A verdadeira causa, a causa número um de todo este descalabro chama-se indisciplina e enquanto isto não for assumido não se resolverá nada, tudo o que se fizer será apenas um paliativo, porque se estarão apenas a atacar efeitos e não causas. Uma atitude, aliás, que os portugueses muito prezam.

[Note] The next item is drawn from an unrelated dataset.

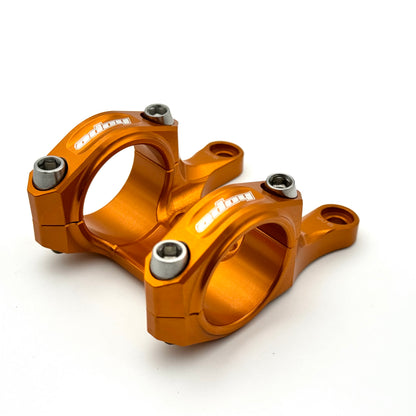 Attacco manubrio HOPE DIRECT MOUNT Arancione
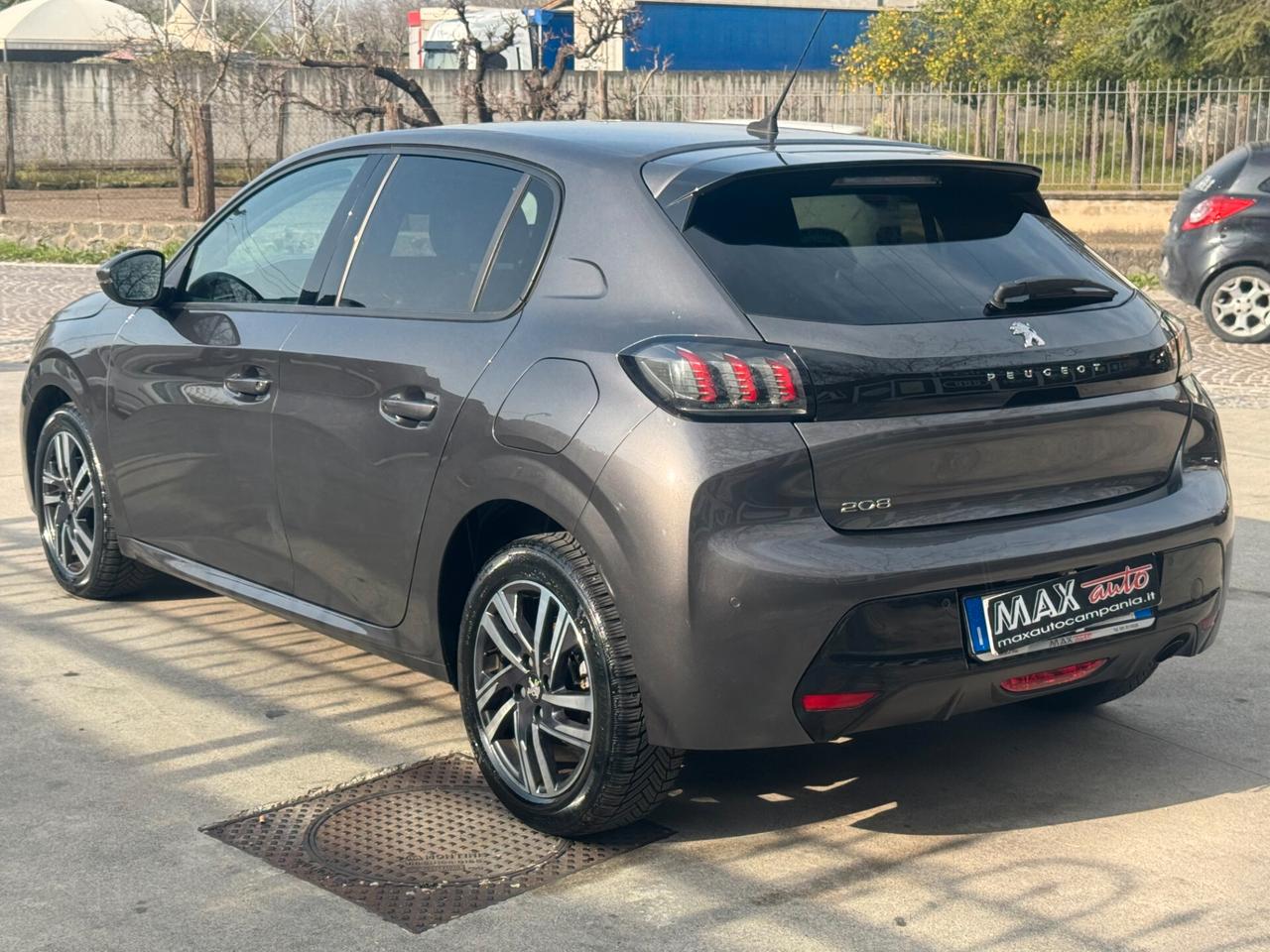 Peugeot 208 BlueHDi 100 Stop&Start 5 porte GT Pack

Perguntarão os leitores, porque é que então ninguém se dispõe a atacar esta "causa". Diremos que por uma razão ponderosa acima de todas: o assunto tem de ser resolvido pelos políticos, nomeadamente, que têm responsabilidades governativas e legislativas e como tal vai embicar com a frase do Alexandre Dumas que encima este escrito. Ora dizer a verdade às pessoas vai indispô-las e se eu estiver indisposto com um político não voto nele. Ora como o sistema está baseado nos votos... julgo que não necessitamos dizer mais nada.  Mas tem mais, se nós quisermos aprofundar a questão teremos que ir às causas da indisciplina reinante - que atravessa toda a sociedade portuguesa -, e já não é só indisciplina é também a badalhoquice -, então teremos verdadeiramente um cenário que queima as mãos que se farta. E como last but not the least, para acabar com este estado de coisas, dado que está provado à saciedade que campanhas de boas intenções não chegam, é preciso reganhar autoridade, voltar a hierarquizar a sociedade, organizar a sério e impôr a Ordem no cumprimento das leis vigentes que têm que ser revistas à luz da idiossincrasia que temos e não da que umas quantas luminárias gostariam que tivéssemos. Face ao exposto, fácil é constatar que não é fácil embora não seja impossível fazê-lo (e é até urgente), mas não se vislumbra que se venha a fazer tão cedo. E, exposto isto não é uma opinião subjectiva, é factual e baseia-se na actuação dos órgãos de soberania, na actividade dos partidos e na falta generalizada de intervenção cívica das instituições e dos cidadãos.

Deste modo a "guerra civil" vai continuar com o seu consequente rol de mortos, estropiados e prejuízos sem fim.

Não há crise. A malta parece que gosta.